## THE TASK
The data is to be repeated exactly, with the images removed.
START DATA TO USE
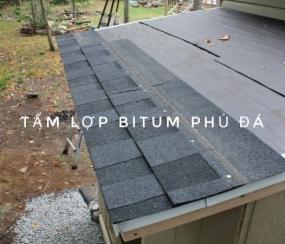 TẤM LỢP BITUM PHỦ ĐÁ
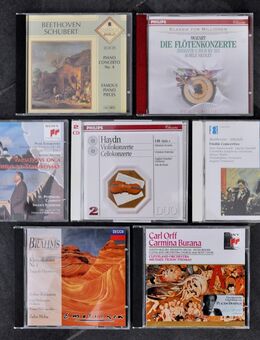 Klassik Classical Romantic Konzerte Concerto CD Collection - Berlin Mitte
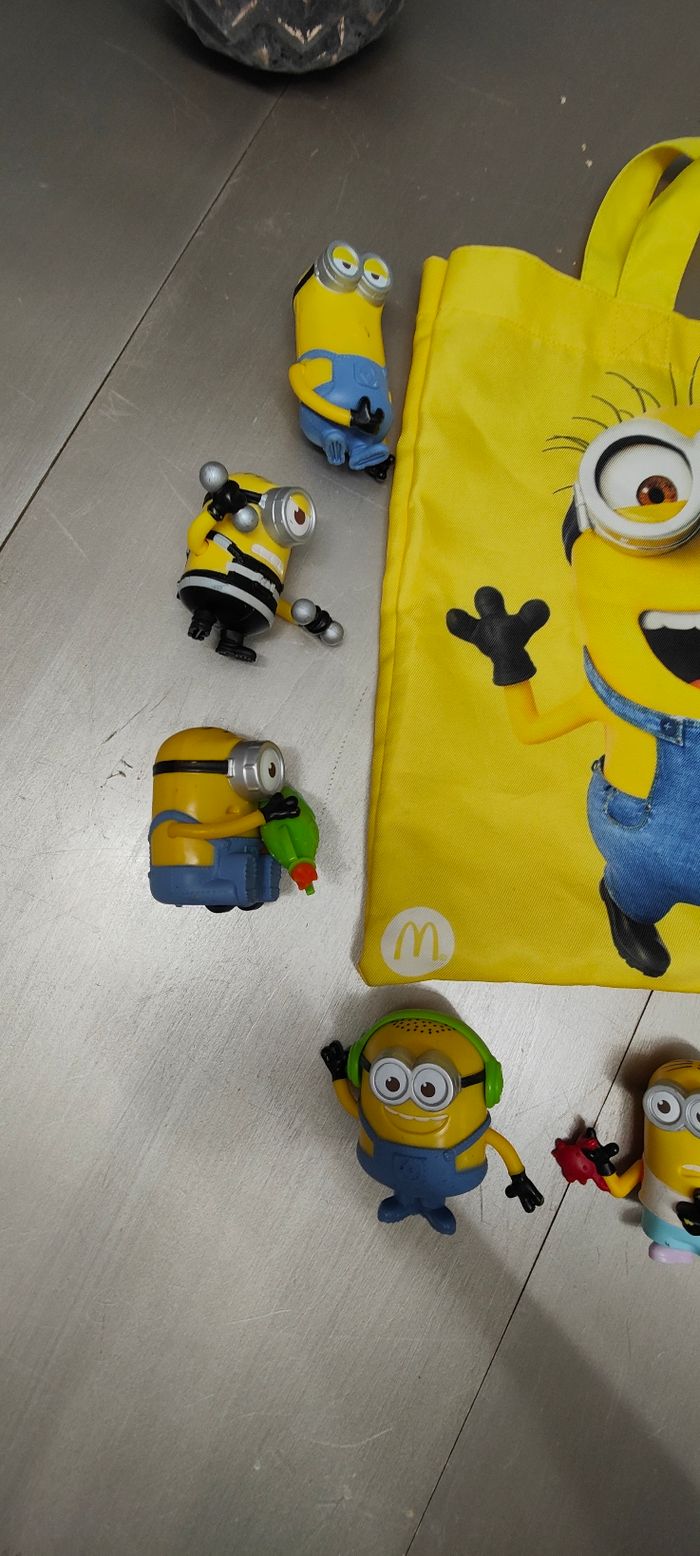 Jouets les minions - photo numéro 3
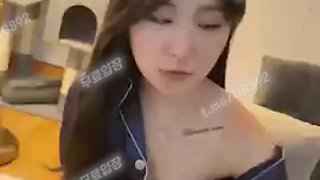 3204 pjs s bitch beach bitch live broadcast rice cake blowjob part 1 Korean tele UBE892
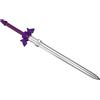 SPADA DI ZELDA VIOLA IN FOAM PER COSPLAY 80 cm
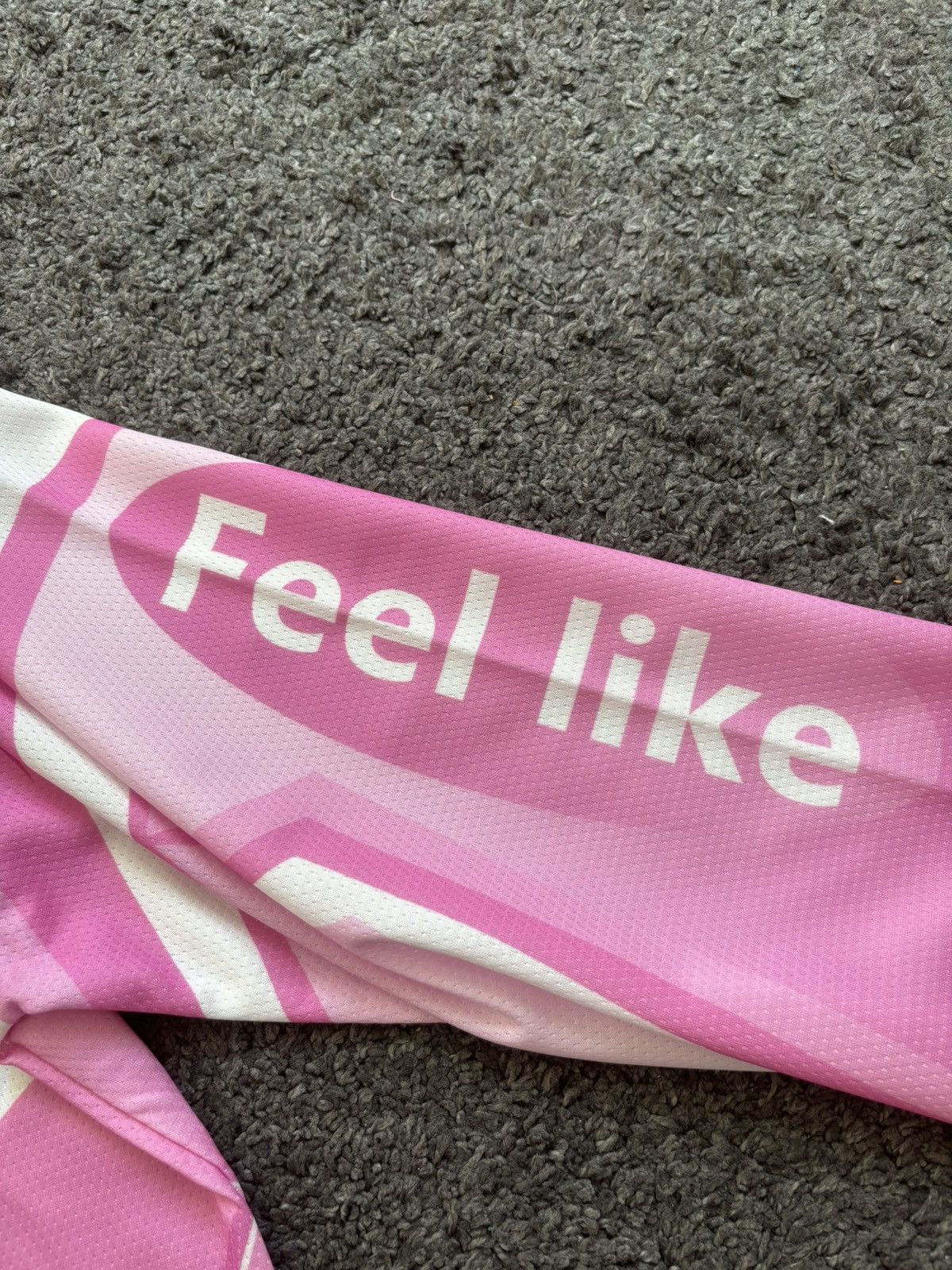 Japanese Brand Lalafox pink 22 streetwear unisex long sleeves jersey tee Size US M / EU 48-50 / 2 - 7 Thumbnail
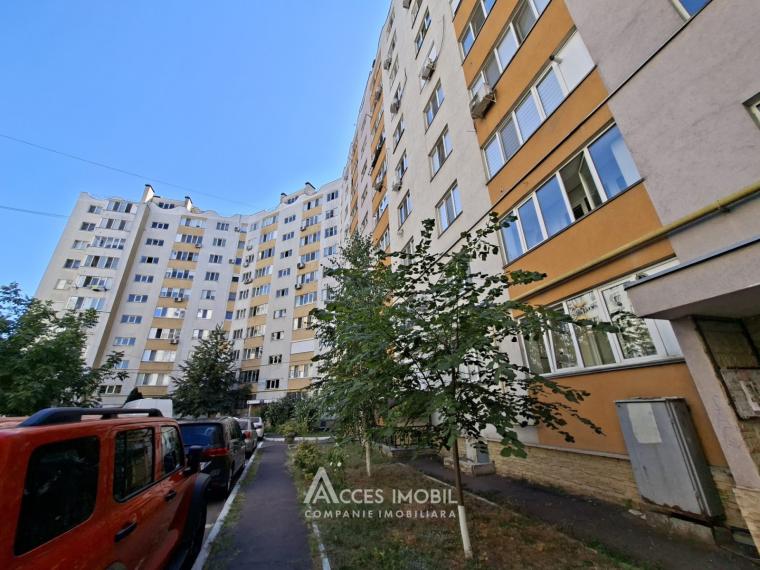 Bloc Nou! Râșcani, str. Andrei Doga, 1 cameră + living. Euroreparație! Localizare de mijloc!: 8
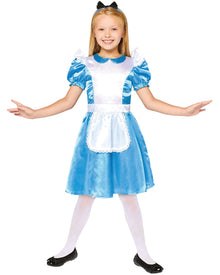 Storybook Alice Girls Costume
END DATA TO USE
## ANSWER
 TẤM LỢP BITUM PHỦ ĐÁ
 Klassik Classical Romantic Konzerte Concerto CD Collection - Berlin Mitte
 Jouets les minions - photo numéro 3
 3204 pjs s bitch beach bitch live broadcast rice cake blowjob part 1 Korean tele UBE892
 SPADA DI ZELDA VIOLA IN FOAM PER COSPLAY 80 cm
 Japanese Brand Lalafox pink 22 streetwear unisex long sleeves jersey tee Size US M / EU 48-50 / 2 - 7 Thumbnail
 Bloc Nou! Râșcani, str. Andrei Doga, 1 cameră + living. Euroreparație! Localizare de mijloc!: 8
 Storybook Alice Girls Costume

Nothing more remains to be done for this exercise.